W sokólskim schronisku znajduje się ponad sto psów, kilkadziesiąt kotów, a większość z tych zwierzaków czeka na adopcję. Azylem zajmuje się Fundacja Pomocy Zwierzętom „Vita Canis”.
REKLAMA
- Schronisko należy do gminy, a osiem lat temu wzięłyśmy je pod opiekę. Teraz każdego roku w drodze przetargu je uzyskujemy. To wszystko, co tu się znajduje to nasza ciężka praca. Gmina nas finansuje, nie są to duże pieniądze, a pomagają nam też ludzie – mówi Elżbieta Jadkowska z Fundacji. - Mamy spore długi w lecznicach. Współpracujemy z kilkoma, ponieważ każda robi coś najlepiej.

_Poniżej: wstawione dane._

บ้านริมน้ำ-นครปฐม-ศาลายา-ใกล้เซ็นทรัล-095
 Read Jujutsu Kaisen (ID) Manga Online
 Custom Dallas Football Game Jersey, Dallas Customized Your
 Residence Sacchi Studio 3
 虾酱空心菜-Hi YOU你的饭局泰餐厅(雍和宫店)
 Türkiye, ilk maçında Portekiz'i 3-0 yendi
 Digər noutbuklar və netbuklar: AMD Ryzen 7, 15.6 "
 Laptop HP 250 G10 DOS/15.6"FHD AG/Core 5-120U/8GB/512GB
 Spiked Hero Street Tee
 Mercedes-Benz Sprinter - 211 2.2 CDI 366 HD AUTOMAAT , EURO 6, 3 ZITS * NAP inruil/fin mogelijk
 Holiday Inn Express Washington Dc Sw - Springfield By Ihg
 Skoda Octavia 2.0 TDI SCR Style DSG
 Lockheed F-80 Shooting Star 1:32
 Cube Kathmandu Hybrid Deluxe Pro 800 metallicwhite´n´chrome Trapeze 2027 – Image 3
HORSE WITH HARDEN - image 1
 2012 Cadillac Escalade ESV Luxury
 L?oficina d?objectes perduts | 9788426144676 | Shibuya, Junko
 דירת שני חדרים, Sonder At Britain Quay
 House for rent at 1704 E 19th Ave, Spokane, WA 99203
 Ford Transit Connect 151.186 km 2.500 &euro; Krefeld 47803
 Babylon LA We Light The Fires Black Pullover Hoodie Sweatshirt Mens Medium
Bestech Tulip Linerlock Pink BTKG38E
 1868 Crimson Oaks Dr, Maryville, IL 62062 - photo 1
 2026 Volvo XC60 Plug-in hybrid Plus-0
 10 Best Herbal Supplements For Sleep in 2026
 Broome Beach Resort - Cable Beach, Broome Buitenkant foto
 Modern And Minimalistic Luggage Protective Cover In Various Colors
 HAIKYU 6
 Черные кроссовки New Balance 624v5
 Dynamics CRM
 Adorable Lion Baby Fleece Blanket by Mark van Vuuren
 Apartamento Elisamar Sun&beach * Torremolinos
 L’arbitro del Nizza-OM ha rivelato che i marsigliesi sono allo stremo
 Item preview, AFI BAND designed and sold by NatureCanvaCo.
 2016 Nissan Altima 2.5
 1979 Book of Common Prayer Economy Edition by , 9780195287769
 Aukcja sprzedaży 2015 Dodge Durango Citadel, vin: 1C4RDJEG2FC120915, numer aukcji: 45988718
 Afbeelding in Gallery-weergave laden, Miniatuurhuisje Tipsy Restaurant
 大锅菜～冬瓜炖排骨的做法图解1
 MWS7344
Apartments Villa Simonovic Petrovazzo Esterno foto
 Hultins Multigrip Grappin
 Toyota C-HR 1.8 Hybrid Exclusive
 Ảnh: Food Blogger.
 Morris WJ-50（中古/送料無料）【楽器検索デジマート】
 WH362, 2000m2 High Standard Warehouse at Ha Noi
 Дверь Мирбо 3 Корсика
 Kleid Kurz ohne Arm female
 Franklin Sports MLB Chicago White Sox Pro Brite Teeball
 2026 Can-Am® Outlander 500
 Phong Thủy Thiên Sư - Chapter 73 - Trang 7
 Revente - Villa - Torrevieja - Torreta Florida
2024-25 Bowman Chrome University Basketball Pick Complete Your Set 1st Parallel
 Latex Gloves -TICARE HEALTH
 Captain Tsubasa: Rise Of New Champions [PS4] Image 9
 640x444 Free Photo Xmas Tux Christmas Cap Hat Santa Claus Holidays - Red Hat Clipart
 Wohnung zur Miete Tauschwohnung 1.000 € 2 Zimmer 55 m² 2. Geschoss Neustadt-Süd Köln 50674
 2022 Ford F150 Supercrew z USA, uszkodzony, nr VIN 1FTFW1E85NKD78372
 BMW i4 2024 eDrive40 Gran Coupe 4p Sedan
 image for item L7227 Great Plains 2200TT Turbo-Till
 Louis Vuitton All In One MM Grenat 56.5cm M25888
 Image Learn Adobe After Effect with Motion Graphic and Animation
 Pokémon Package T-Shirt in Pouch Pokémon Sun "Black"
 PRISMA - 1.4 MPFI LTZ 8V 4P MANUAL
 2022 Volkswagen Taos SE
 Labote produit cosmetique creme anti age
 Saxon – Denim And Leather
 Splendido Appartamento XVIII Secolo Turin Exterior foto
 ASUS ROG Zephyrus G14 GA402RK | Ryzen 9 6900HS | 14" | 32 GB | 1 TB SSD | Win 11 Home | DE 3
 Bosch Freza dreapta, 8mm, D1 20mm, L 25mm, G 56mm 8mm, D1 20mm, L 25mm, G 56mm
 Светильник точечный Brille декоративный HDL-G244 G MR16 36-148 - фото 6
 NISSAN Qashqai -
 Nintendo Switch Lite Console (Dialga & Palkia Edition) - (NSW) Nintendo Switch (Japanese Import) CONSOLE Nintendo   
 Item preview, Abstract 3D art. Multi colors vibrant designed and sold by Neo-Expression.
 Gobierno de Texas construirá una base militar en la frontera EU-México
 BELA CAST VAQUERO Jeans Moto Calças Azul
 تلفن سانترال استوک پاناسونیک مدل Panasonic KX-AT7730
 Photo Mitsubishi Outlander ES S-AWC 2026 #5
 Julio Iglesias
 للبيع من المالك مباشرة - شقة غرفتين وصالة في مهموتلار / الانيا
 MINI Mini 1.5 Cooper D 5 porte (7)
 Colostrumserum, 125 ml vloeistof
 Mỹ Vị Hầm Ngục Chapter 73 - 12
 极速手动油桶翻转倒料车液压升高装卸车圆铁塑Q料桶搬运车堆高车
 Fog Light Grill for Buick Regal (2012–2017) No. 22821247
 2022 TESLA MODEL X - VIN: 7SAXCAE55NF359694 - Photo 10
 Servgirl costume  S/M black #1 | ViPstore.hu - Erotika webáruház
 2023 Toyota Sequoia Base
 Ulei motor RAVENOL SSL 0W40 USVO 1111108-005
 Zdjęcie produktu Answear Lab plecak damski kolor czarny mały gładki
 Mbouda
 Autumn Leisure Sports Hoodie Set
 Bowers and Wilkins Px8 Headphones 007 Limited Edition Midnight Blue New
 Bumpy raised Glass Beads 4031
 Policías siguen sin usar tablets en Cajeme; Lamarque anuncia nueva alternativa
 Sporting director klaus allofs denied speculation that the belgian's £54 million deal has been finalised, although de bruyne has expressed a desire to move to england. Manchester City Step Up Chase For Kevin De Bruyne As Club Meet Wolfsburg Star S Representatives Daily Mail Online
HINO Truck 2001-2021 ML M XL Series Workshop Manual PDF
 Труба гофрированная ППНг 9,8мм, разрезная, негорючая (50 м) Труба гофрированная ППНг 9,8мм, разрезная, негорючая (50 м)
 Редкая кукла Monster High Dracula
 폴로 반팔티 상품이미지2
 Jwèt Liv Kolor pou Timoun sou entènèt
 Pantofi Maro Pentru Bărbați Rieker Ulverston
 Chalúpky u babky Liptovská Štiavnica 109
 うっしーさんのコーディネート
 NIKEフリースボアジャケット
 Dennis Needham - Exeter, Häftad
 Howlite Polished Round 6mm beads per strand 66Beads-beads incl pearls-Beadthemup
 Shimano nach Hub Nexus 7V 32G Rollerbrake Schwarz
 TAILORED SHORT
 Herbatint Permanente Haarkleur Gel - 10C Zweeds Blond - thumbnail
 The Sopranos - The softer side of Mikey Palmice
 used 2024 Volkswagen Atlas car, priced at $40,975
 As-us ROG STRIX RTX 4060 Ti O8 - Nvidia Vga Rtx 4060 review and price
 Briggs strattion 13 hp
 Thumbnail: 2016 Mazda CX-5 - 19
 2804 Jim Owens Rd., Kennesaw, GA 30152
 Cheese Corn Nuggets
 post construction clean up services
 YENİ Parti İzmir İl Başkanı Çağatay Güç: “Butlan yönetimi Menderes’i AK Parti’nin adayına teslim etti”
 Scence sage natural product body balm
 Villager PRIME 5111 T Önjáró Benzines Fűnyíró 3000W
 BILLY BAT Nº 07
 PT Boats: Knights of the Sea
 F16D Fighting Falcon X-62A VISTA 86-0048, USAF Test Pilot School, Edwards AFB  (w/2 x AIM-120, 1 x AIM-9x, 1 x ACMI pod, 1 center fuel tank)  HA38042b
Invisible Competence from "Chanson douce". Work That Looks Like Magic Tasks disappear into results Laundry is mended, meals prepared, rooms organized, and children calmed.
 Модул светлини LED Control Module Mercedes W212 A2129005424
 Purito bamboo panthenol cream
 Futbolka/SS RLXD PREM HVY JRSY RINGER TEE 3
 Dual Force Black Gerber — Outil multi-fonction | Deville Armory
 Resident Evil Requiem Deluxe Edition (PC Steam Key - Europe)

Założycielki Fundacji, ale także pracownicy i wolontariusze mają ręce pełne pracy. Zwierzęta trzeba wyprowadzać na spacery, karmić, ale też wozić do weterynarzy.
- Mamy ludzi, którzy przychodzą do nas codziennie, każdego dnia. To dwie starsze osoby, koło 70, ale bardzo sprawne. Przez kilka godzin wyprowadzają nasze psy. Są osoby, które robią nam stolarkę, prace naprawcze. To opiera się na dobroci serca. Mamy trzech pracowników, którzy są nam niezbędni. Trzeba sprzątać kojce, teren schroniska, wozić zwierzęta do lecznic – wymienia założycielka Fundacji. - Zawsze chętnie przyjmujemy karmę, także specjalistyczną. Mamy na utrzymaniu alergicznego 16-latka, więc dla niego potrzebna jest karma antyalergiczna. Zawsze potrzebujemy puszek, suchej karmy. Prosimy o lepszej jakości karmę, lepiej mniej, a lepszą. Potrzebujemy pożywienia dla zwierząt, ale można też przyjść i opłacić jedną z naszych faktur. Mamy duże zaległości, nawet z początku roku. Są to faktury na 500 zł, 1000 zł, 5000 zł.
Do schroniska można przyjść codziennie, od poniedziałku do piątku, w godzinach 9-14.
- Przychodzą do nas wolontariusze – dzieci, młodzież, osoby starsze. Można do nas przyjść, pójść na spacer z psami, spędzić z nimi czas. Nie stawiamy wysokich progów. Dajemy psy bezpieczne, aby ludzie zobaczyli jak to jest. Warto wchodzić na naszego Facebooka, a także odwiedzać nas osobiście. Na pewno znalazłybyśmy psa do adopcji dla każdego – zapewnia Elżbieta Jadkowska.
Na profilu Facebooku Fundacji oraz wolontariuszy schroniska znajdują się również galerie ze zwierzętami, które można adoptować.